Are banks promoting phishing?

I’ve recently seen a few examples of services that ask customers to type in their online banking usernames and passwords so the service can access their bank accounts on their behalf. The applications are fairly broad and definitely useful — making payments, ID verification and analyzing data, for example.

This is a security anti-pattern. This is bad news.

Banks regularly email their customers to say they will never ask for your password in an email and that attempts to do so should be reported as phishing. I’m a Metro Bank customer and the footer of each of their emails says:

We’ll never send you an email, text or a website link asking you to enter your Internet Banking or card details. If you’re suspicious […] contact us immediately and we’ll get our security team on the case.

Phishing is a serious security issue for banks. Industry data suggests that losses from online banking fraud were up 64 percent to £133.5 million in 2015 from £81.4 million in 2014. A Google search for “bank phishing” turns up results from all the major high-street banks, with titles like “Recognising & Preventing Phishing” and “Phishing & email scams.” Barclays has even started producing videos on the subject. So if the industry is, rightly, concerned with educating people about the risks of phishing, why on earth are they happy for their customers to put their login details into any other website than their bank’s website?

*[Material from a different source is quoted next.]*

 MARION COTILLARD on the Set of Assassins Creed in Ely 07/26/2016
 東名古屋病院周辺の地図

Unintended consequences of legislation

I’ve spoken to the service providers about how they are able to offer this service to customers, as my first assumption was that it would be against the terms and conditions of the various online banking services. Having checked a few online banking terms and conditions, customers are not protected against fraud if they have not kept their passwords safe. Lloyds even references information “aggregators” explicitly — Lloyds can close your online banking account if you give your security details to the service provider.

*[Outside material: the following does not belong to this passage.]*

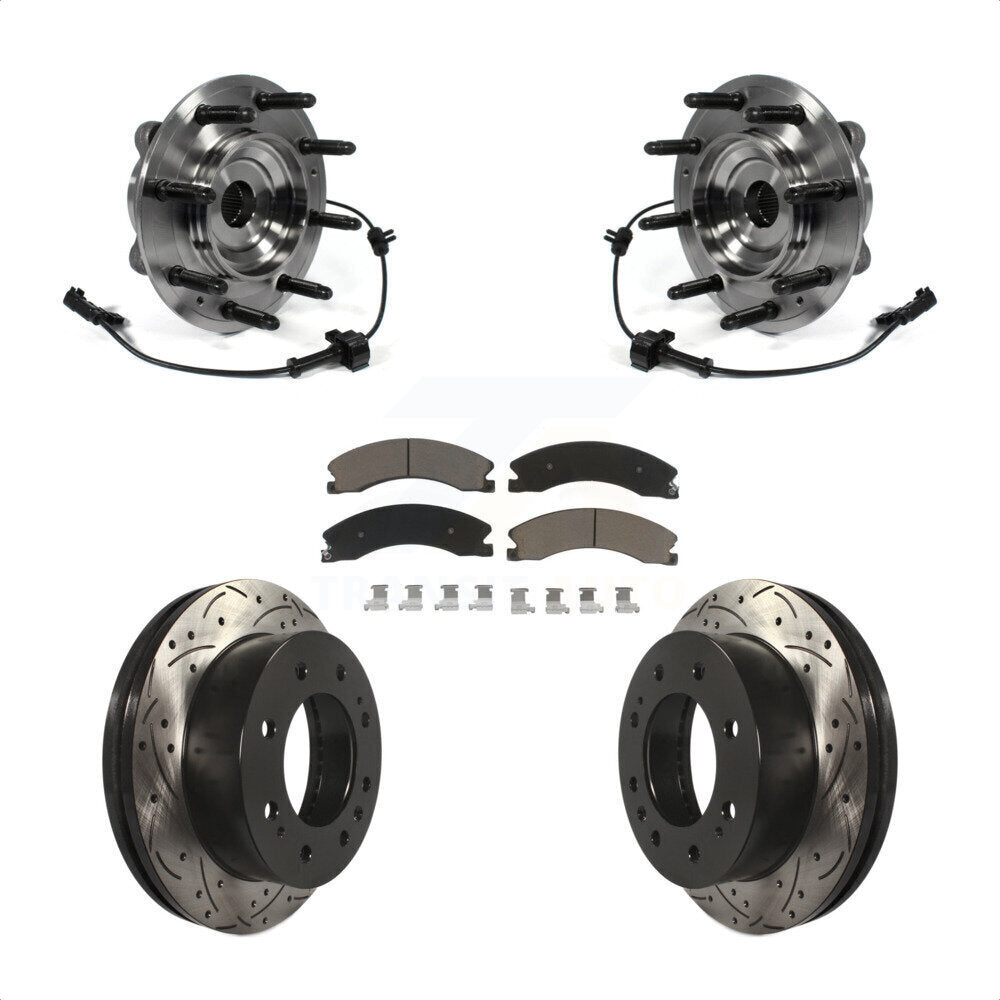 Transit Auto KBB-120324 Wheel Bearing and Hub Assembly for 2011-2019 Chevrolet Silverado 2500 HD, Chevrolet Silverado 3500 HD, GMC Sierra 2500 HD & more - Front product image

Be vocal in demanding safe and secure access to your bank account.

The response from the service providers is interesting — and unnerving.

All the service providers quoted “PSD2,” the revised Directive on Payment Services, a European law that came into force in November 2015. This is timetabled to pass into U.K. law in January 2018 (although Brexit…) and requires that banks open digital access to customers’ bank accounts to other companies. This is a huge deal. One of the people I spoke to about this said that the “banks could see the writing was on the wall with PSD2,” so they did not put up any objection to the service provider taking the username and password of the bank’s customer.

But access is not the only thing PSD2 is meant to promote. Commissioner Jonathan Hill said at the launch of PSD2 that:

European consumers want to know that their payments are safe when they shop or make a payment online. The new Payment Services Directive will ensure that electronic payments in Europe become more secure and more convenient for European shoppers.

Of course, the arrival of PSD2 in early 2018 is providing a stimulus for companies to build services on bank accounts. If early adopters use a method of customer login that is indistinguishable from phishing, the problem that currently looks limited to a handful of services will burst into a million pieces when access to bank accounts is not only encouraged, but legislated for.

Hang on, we’ve seen this before

When Twitter first took off, it was not uncommon for a new website to ask for your Twitter username and password in order to, say, tweet on your behalf. Back in 2006, Blaine Cook, Twitter’s architect at the time, started working on an alternative that allowed you to grant access to certain information or capabilities, such as tweeting as you, without giving away the keys to your whole account.

What Blaine and his collaborators worked on eventually became the OAuth standard and now powers all the “login with” Facebook/Twitter/LinkedIn/Google buttons you see on websites all over the internet.

So why not OAuth for banks? The Open Bank Project advocates for OAuth, but, unfortunately for us U.K. customers, its adoption has been limited so far to German banks (however, this in itself is a great success). The U.K. government commissioned the Open Banking Working Group (OBWG) in late 2015, to explore the question of opening up data held by banks. The OBWG published their findings as the Open Banking Standard in August this year. Happily, they have also recommended the use of OAuth*. The only U.K. bank that has taken up the OAuth gauntlet so far is Monzo.

So the outlook at this point is mixed. The Open Banking Standard is not expected to be implemented in its full glory until 2019, although initial services that only read information are expected in 2017. If you’re reading this as a consumer, be vocal in demanding safe and secure access to your bank account. If you are responsible for building an online product, make a point of not making poor choices for your customers. Between now and 2019, there is still plenty of time for keen fintech startups to open services that train bad habits into people and leave them vulnerable to fraud.

* Technical caveat: There are some credible issues with their choice of the particular version of the standard — is being particularly proactive in response.